"The point of the meta-critique is to deal with the much-criticized separation of church spirituality from university theology, life from doctrine, and a theologian's personal faith from the issues that impinge on that faith for which the theologian is publicly responsible. However, the meta-critique we are promoting does more than deal with the symptoms of these separations. It attempts to bring about a radical healing by going to the root of the problem. The experience of more than two hundred years of church history, the history of theology, and the history of ideas shows that Semler set theology on a fundamentally wrong course when he made the separations. It is time therefore to take a fresh look at the concept of theology, both historically and systematically... This new look at the understanding of theology within the context of a meta-critical engagement with the classical problems of modernity will shed new light on Luther's understanding of theology. It will also illuminate the traditions of the Middle Ages and of the ancient church, and at the same time Judaism, insofar as these have a bearing on the heart of Luther's theology: the crucial importance of prayer (oratio), meditation (meditatio), and spiritual attack (tentatio) in the formation of the theologian.
"If we affirm Luther's understanding of theology in the context of a critical engagement with the problems of modernity, we will not try to resolve one-sidedly the tension between faith and knowledge, spirituality and scholarship, the affects (which include the emotions, the senses, the imagination, the memory, and the desires) and the intellect, the heart, and the head.

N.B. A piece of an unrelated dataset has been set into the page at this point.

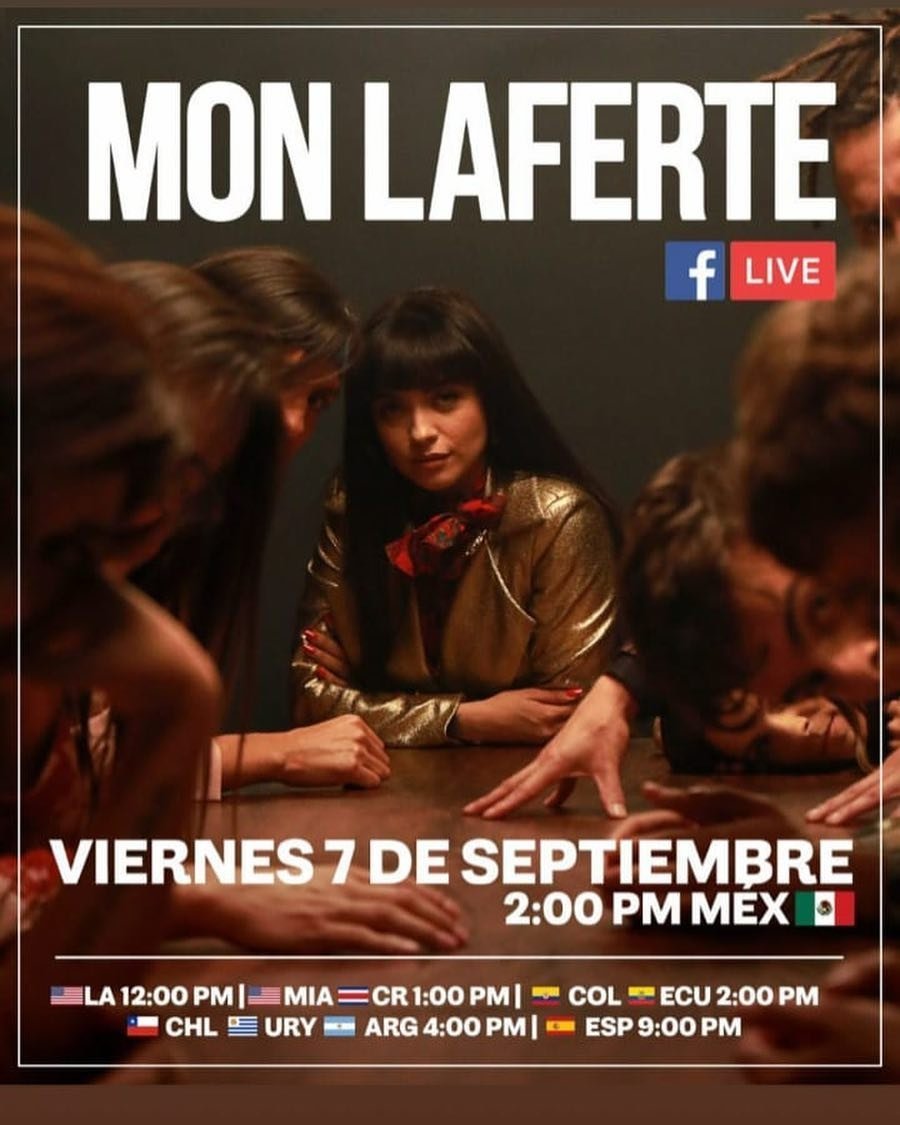 UMUruguay's tweet photo. ¡Mañana no te pierdas el #FacebookLive de @monlaferte presentando su nueva canción #ElBeso ! Y el 28/9 #MonLaferte en Uruguay! Entradas a la venta en @REDUTSUY 🖤 https://t.co/FjUmtlG7Mw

In short, we will not try to resolve the tension between its monastic and scholastic aspects. Rather, we must preserve this tension and focus on meditation, which for Luther always means engaging with the biblical text, for this is central to understanding theology as a "grammar of the language of the Holy Scriptures." This is the only way to overcome the modern attempt to treat theology as if it had no substantive object, without resorting to the kind of scientific objectivity advocated by positivism."
-Oswald Bayer, Theology the Lutheran Way, trans. Jeffrey Silcock and Mark Mattes (Grand Rapids, MI: Wm. B. Eerdmans Publishing, 2007), 84-85.